Students at Soviet conservatories were at last able to use various
channels--many of questionable legality--to acquire and hear music
that had previously been forbidden, and visiting performers and
composers brought young Soviets new sounds and new compositions. In
the 1960s, composers such as Andrey Volkonsky, Edison Denisov,
Alfred Schnittke, Arvo Part, Sofia Gubaidulina, and Valentin
Silvestrov experimented with a wide variety of then new and
unfamiliar techniques ranging from serialism to aleatory devices,
and audiences eager to escape the music of predictable sameness
typical to socialist realism were attracted to performances of
their new and unfamiliar creations.
This "unofficial" music by young Soviet composers inhabited the
gray space between legal and illegal.
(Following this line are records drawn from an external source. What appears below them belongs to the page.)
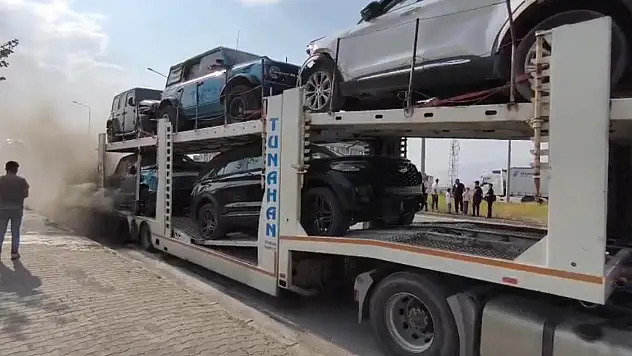 Doğubayazıt'ta araç yüklü tır alev aldı! Lastik patladı, yangın araçlara sıçradı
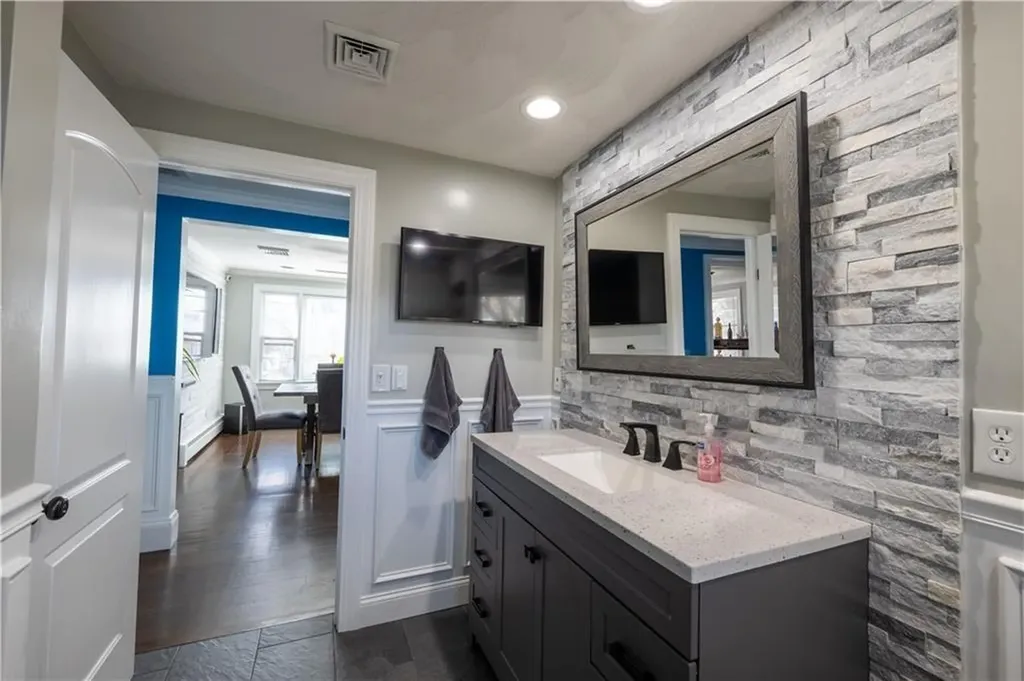 96 Merchant Street North Providence RI 02911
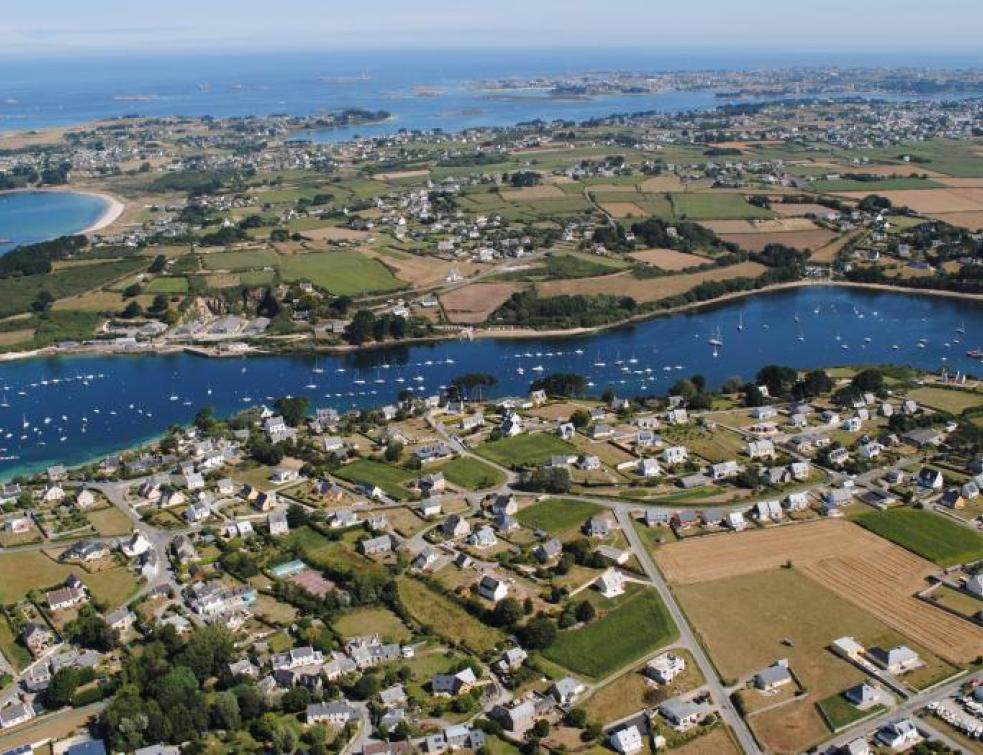 Un village breton cède des terres pour s'exonérer de la loi Littoral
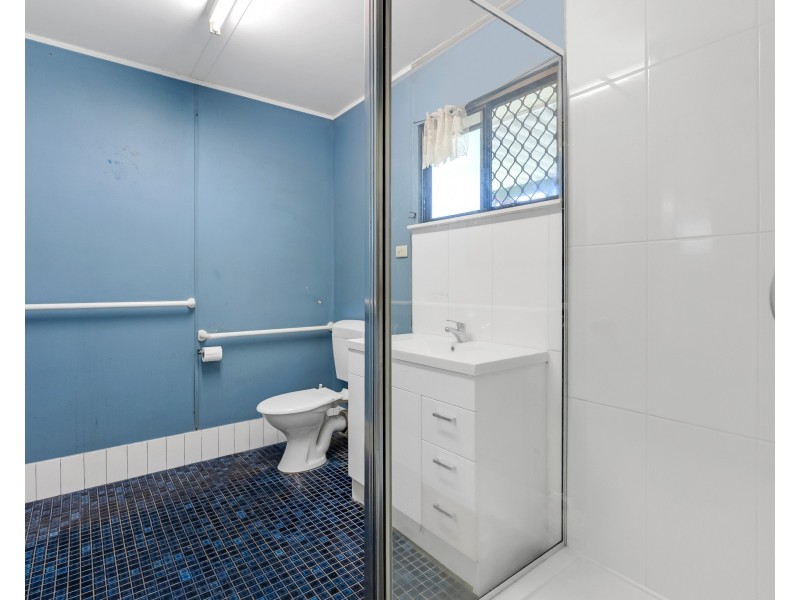 12 Walnut Close, Manoora QLD 4870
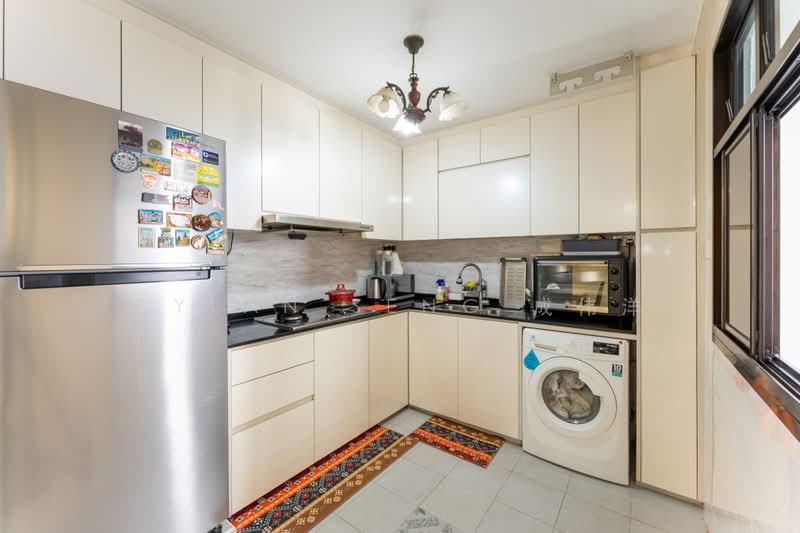 357B Admiralty Drive, 357B Admiralty Drive, 4 Bedrooms, 1,184 sqft, HDB Flat For Sale, by Dylan Seng 成伟洋, 500165331 - Kitchen - PropertyGuru.com.sg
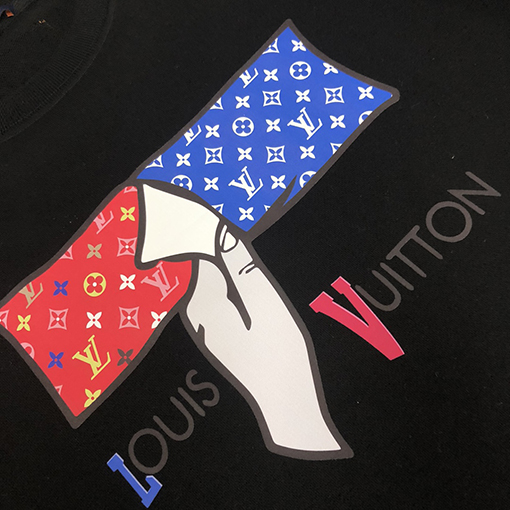 ルイヴィトン 秋冬 Louis Vuittonの新しいラウンドネックパーカー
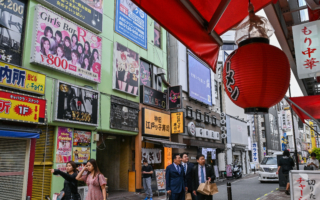 游客过多 日本餐厅想出一招来应对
Such Freedom, If Only Musical
traces the changing compositional styles and politically charged
reception of this music, and brings to life the paradoxical
freedoms and sense of resistance or opposition that it suggested to
Soviet listeners. Author Peter J. Schmelz draws upon interviews
conducted with many of the most important composers and performers
of the musical Thaw, and supplements this first-hand testimony with
careful archival research and detailed musical analyses. The first
book to explore this period in detail, Such Freedom, If Only
Musical will appeal to musicologists and theorists interested in
post-war arts movements, the Cold War, and Soviet music, as well as
historians of Russian culture and society."